Dalla guerra commerciale alla 'guerriglia' fatta di azioni dimostrative, pressioni e sonori schiaffoni simbolici al G7 o all'Europa di Angela Merkel. Dalla protezione nazionalistica dei disoccupati 'deindustrializzati' della Rust Belt alle lobby finanziarie che riaffermano il proprio potere a Washington, nel nome della deregulation. Dopo i primi mesi dalla sua elezioni, segnati dagli slogan dell'addio al Nafta e della border tax, del piano di rilancio economico fatta di detassazione e investimenti, Donald Trump torna con i piedi per terra. Per farsi rieleggere non può dire di no alle lobby, che in definitiva difendono la globalizzazione. Ma qualche promessa, fatta nel nome dell' 'America First', dovrà mantenerla. La tattica del presidente degli Usa in questo difficile equilibrio fra populismo e realismo sta già prendendo forma.

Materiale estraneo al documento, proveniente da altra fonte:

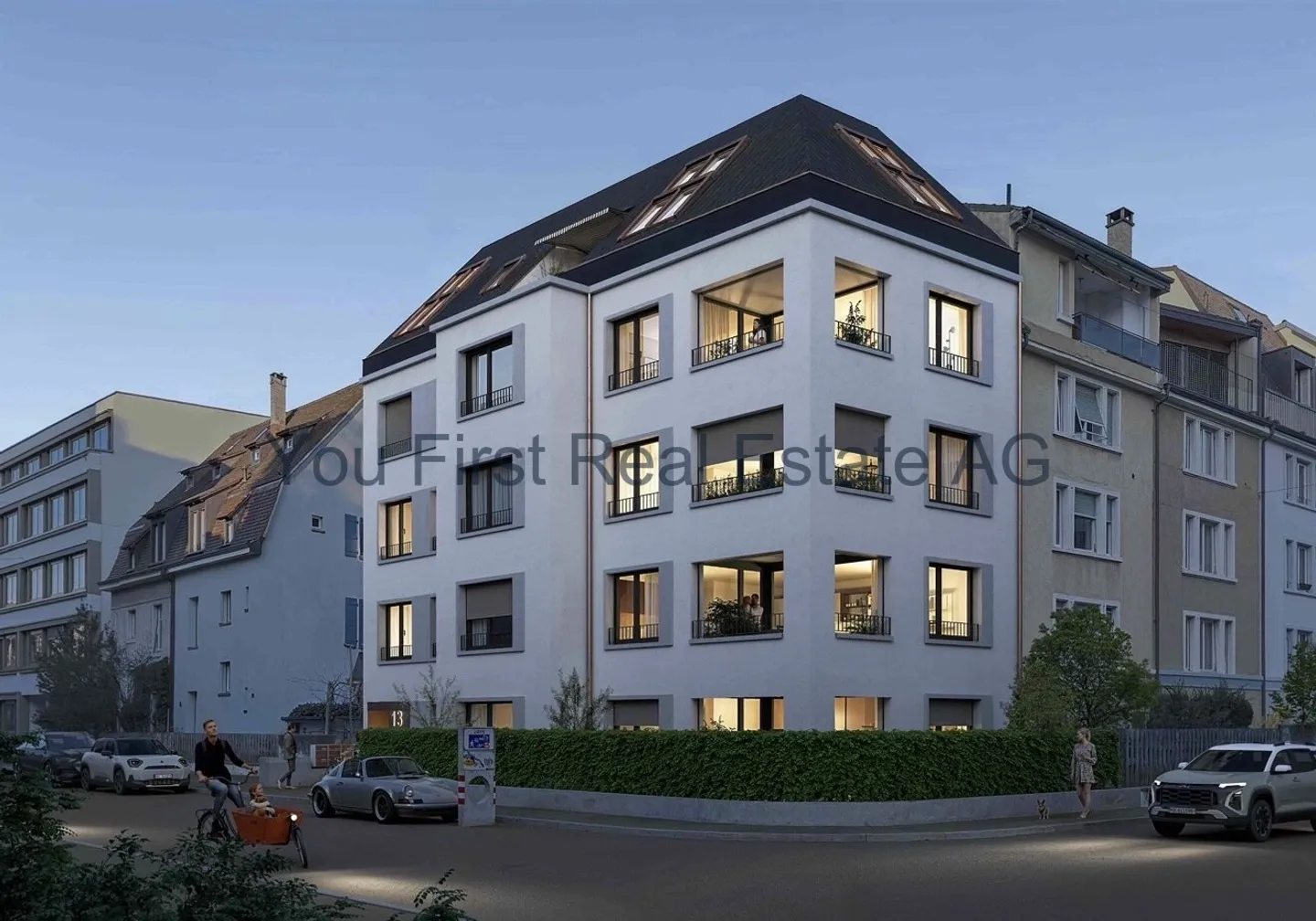 Apartment W05 – Modern Microapartment - Photo 3 of 4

Dopo il momento di celebrità di personaggi come Peter Navarro e Steve Bannon, a Washington adesso comandano liberisti come Gary Cohn, peso massimo di Goldman Sachs ora a capo dei consiglieri economici di Trump. O come David Malpass, vecchia volpe repubblicana, capo economista di Bear Stearns noto per aver rassicurato sulla crisi finanziaria poco prima del collasso e ora potente sottosegretario al Tesoro per gli affari internazionali in grado di oscurare il segretario Steven Mnuchin. "E' Gary Cohn a fare il bello e il cattivo tempo", dice Alberto Forchielli, partner fondatore di Mandarin Capital. "Mentre gli americani seguivano l'audizione di Comey, quatti quatti hanno già disfatto il Dodd-Frank", la stretta voluta da Obama contro l'iper-finanza speculativa dopo Lehman Brothers. Insomma, finito il tempo degli attivisti come Bannon, ora "la leva del potere ce l'ha questo gruppo, sta tornando la politica classica neoliberal", dice Forchielli al telefono da Boston. Che cosa ne è dei dossier di cui Trump aveva fatto una bandiera, ora che la grande finanza, necessariamente globalista, riprende le redini a Washington? Partiamo dal protezionismo, che tanti voti aveva portato a Trump ma è fumo negli occhi per multinazionali e grande finanza. Abolire il Nafta? "al massimo qualche aggiustamento" tenendo conto delle innovazioni del Ttip fra Usa e Ue saltato un anno fa, racconta Forchielli. Trattato, quest'ultimo, vilipeso da Trump e rinnegato dai democratici prima del voto ma che ora potrebbe resuscitare: "se e quando gli Usa riapriranno il negoziato sul Ttip con l'Ue è uno dei punti sul tavolo".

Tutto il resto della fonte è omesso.